Silence. Sepulveda stroked the stubble on his chin.
“Interesting,” he murmured.
“Sir? We still need a heading. That blast front will overtake us in a few minutes.”
“Open an encrypted channel to the Benevolence. And then I’ll tell you our destination after that.”
Peel frowned, but waved to the communications officer, who tapped the console a few times. “Ok, Mr. President. You’re on.”
“Polrum Krull. This is President Sepulveda of United Earth. Pleasure to make your acquaintance. I overheard your conversation with Admiral Proctor. Tell me. What’s so important about that other ship?”
Krull’s voice came sonorously over the speakers overhead. “President Sepulveda. Your name rings of death.”
“Yeah … I get that a lot. Now answer my question, please.”
“My answer is the same as to the Motherkiller. The stakes are too high over an open channel.”
“I assure you, ma’am, no-one will ever decrypt this particular channel. We’re in a sealed, locked-down, airtight, electromagnetically isolated, hermetic box right now, you and me.”

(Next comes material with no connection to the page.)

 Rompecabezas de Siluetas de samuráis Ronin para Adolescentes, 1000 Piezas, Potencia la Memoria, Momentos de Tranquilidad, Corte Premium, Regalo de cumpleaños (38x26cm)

A long, long pause. “There’s a room. A room I’m now prepared to open. It’s here, on the Benevolence. That is all I can tell you. And I need someone to meet me at Calais.”
“Why Calais?”
“Because, if I’m right, not just anyone can enter that room.”
“Who,” he said with exasperation. “
Who? What ship?”
“Vishgane Kharsa. On the Dolmasi flagship.”
“You … need a Dolmasi … to go into one of your rooms?” The alien woman had lost her marbles.
“Not just Kharsa. But the others that will enter are already on their way.”
Sepulveda sighed. What choice did he have? He could go back to Earth and help muster the defense. But who was he kidding? Oppenheimer and the admirals didn’t need him tripping them up. He’d already fucked things up enough ordering Oppenheimer to use the singularity against the Swarm—clearly he shouldn’t have entrusted it to him, seeing how Huntsman, that traitor, somehow managed to steal it and send it towards Titan instead. He’d trusted someone—two someones—he shouldn’t have, and now eight billion people were dead.
“All right. I’ll go. But what makes you think a Dolmasi general—who right up until two weeks ago we were shooting at—would agree to come with me?”
Krull laughed. It was the first time he’d heard her do so, and he’d read in briefing books that it often sounded like she was simply mimicking human mannerisms every time a human had a conversation with her. But this laugh sounded absolutely genuine. “Mr. Death. You are slippery enough to become president of United Earth. I’m sure you’ll find a way to convince just about anybody to vote for you. Kharsa included. Now go, please. And good luck.”
The transmission ended. Peel was tapping his wristwatch. “Mr. President? We need a decision, or we’ll just take you to Earth in the absence of one.”
It was s struggle to say the words. They’d most likely kill him. Take him prisoner. Or worse, ignore him. After over ten seconds of uncomfortable silence, he spoke. “Dolmasi space.”
“You’re joking. You’re the goddamn president.”